▶ [Work task] Reproduce the data below verbatim from the line containing "XiuRen秀人网 2022.02.15 No.4584" through its final line, and produce nothing more.
------
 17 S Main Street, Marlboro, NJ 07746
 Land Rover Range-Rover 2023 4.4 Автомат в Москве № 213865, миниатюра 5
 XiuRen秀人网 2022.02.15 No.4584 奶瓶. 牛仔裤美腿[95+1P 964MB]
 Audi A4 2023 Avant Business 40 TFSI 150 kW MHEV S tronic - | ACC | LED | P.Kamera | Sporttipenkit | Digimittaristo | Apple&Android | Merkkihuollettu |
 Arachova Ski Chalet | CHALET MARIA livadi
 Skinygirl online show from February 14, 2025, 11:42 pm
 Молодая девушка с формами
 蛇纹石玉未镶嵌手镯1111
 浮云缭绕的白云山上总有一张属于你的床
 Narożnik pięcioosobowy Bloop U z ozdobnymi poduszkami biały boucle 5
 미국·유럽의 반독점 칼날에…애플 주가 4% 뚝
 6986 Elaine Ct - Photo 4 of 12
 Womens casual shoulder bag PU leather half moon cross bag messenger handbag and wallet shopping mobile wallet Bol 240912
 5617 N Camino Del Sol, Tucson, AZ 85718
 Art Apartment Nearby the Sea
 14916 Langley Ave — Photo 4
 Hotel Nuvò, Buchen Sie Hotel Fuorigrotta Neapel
------
▶ [Answer area]
 XiuRen秀人网 2022.02.15 No.4584 奶瓶. 牛仔裤美腿[95+1P 964MB]
 Audi A4 2023 Avant Business 40 TFSI 150 kW MHEV S tronic - | ACC | LED | P.Kamera | Sporttipenkit | Digimittaristo | Apple&Android | Merkkihuollettu |
 Arachova Ski Chalet | CHALET MARIA livadi
 Skinygirl online show from February 14, 2025, 11:42 pm
 Молодая девушка с формами
 蛇纹石玉未镶嵌手镯1111
 浮云缭绕的白云山上总有一张属于你的床
 Narożnik pięcioosobowy Bloop U z ozdobnymi poduszkami biały boucle 5
 미국·유럽의 반독점 칼날에…애플 주가 4% 뚝
 6986 Elaine Ct - Photo 4 of 12
 Womens casual shoulder bag PU leather half moon cross bag messenger handbag and wallet shopping mobile wallet Bol 240912
 5617 N Camino Del Sol, Tucson, AZ 85718
 Art Apartment Nearby the Sea
 14916 Langley Ave — Photo 4
 Hotel Nuvò, Buchen Sie Hotel Fuorigrotta Neapel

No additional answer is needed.